Where \(\overrightarrow{X}\) is a data vector (e.g. points from origin (0,0)) in N-dimention. \(\overrightarrow{W}\) is a coefficient vector. So, this is Dot-product of two vectors, i.e. for N-dimention this is:

\begin{align} \overrightarrow{X} \cdot \overrightarrow{W} = x1w1 + x2w2 + ... +xnwn \end{align}

For 2-D Hyperplane this is: x1w1 + x2w2 = 0, and this is equals x1w1/w1 + x2w2/w1 = 0, i.e. let w1=1, and we got simple equation: x1 + x2w2 = 0, i.e. x2 = -x1/w2

For standard geometry notation in dots this equation is a line function that goes through origin: y = ax, where a = -1/w2 in this case.

For 3D this is a plane that also goes trough origin (see MIT-MVC1)

To shift a function along an axis, you should just add a shifting constant b (see PRECALC-SHIFT), and so does for a Hyperplane(point, line, plane, etc.). So, shifted Hyperplane equation is:

\begin{align} \overrightarrow{X} \cdot \overrightarrow{W} + b = 0 \end{align}

Dot product of two vectors is also:

\begin{align} \overrightarrow{X} \cdot \overrightarrow{W} = \| \overrightarrow{X} \| \| \overrightarrow{W} \| cos \varTheta \end{align}

This means that a non-shifted Hyperplane's vectors in dot product are perpendicular to each other, i.e. \(cos \varTheta = 0 ⇒ \varTheta = 90^o\). That is \(\overrightarrow{W}\) is normal to \(\overrightarrow{X}\).

Consider the simplest example - Hyperplane in 2D y=-x, that is x2=-x1/w2, that is {x1,x2}*{1,1}=0. Any point is also a vector from the origin, so lets draw this hyperplane plus its shifted by 4 clone, plus a point A on this Hyperplane for x1(or x)= 1, so x2( or y) = -1. Vector \(\overrightarrow{OA}\) from origin to A, and normal \(\overrightarrow{W}\) from that point A:

As you can see \(\overrightarrow{W}\) is normal to this hyperplane with any shifting.

Now you should understand that any linear function (hyperplane) can be described as a coefficient vector \(\overrightarrow{W}\) and shifting constant . And you must describe it with a normalized coefficient vector \(\overrightarrow{W}\) with values from -1 to 1. For example y=2x (\(\overrightarrow{W}=\langle 2, 1 \rangle \)) equals to 1/2y=x (i.e. \(\overrightarrow{W}=\langle 1, 1/2 \rangle \)).

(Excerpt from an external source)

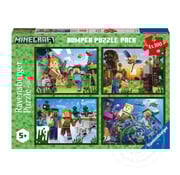 Ravensburger Ravensburger Minecraft Puzzle 4 x 100pcs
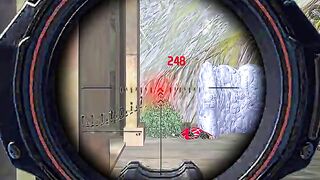 FreeFire 1VS4 clutch Moments !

So lets draw set of 2D functions: \(\overrightarrow{W1}=\langle 1, 0 \rangle \), \(\overrightarrow{W2}=\langle 1, 1 \rangle \) , \(\overrightarrow{W3}=\langle 0, 1 \rangle \), \(\overrightarrow{W4}=\langle -1, 1 \rangle \) with no shifting (b=0) and b=-4:

A SVM simplest example. Make it with your eyes.

To avoid confusing about a sample index we will use C, Java and Python standard - index from 0 (zero).

Consider 4 samples in 2D - X0(0.5, 1.2), X1(1, 1) belong to class 1 (green) and X2(3, 3), X3(4, 3.3) belong to class 2 (blue):

You can find the separating hyperplane and the support vectors (the "widest road") by your eyes. The hyperplane is the same as in the previous chapter, i.e. coefficient vector \(\overrightarrow{W} = \langle 1, 1 \rangle \) and shifting b=-4. Magnitude \(\|\overrightarrow{W}\|\) is half of the margin between support vectors in this case (1.4142).

Lets check these conditions: \begin{align} \overrightarrow{X_i} \cdot \overrightarrow{W} + b \geq +1 \mbox{ for } y_i = +1 \mbox{ (class 2)} \end{align} \begin{align} \overrightarrow{X_i} \cdot \overrightarrow{W} + b \leq -1 \mbox{ for } y_i = -1 \mbox{ (class 1)} \end{align}

X0\(\langle 0.5, 1.2 \rangle \) * \(\langle 1, 1 \rangle \) - 4 = -2.3
X1\(\langle 1, 1 \rangle \) * \(\langle 1, 1 \rangle \) - 4 = -2
X2\(\langle 3, 3 \rangle \) * \(\langle 1, 1 \rangle \) - 4 = 2
X3\(\langle 4, 3.3 \rangle \) * \(\langle 1, 1 \rangle \) - 4 = 3.3

Here we little bit get into troubles. First, support vectors must have bH1=b+1=-3 and bH2=b-1=-5, but we get bH1=b+2=-2 and bH2=b-2=-6. Second, the margin must be \(2\over\|\overrightarrow{W}\|\), there 2 is difference between bH2 and bH1, that must be 2 according to all sources (also see MIT6_034F10_svm.pdf in MIT-AI2010F).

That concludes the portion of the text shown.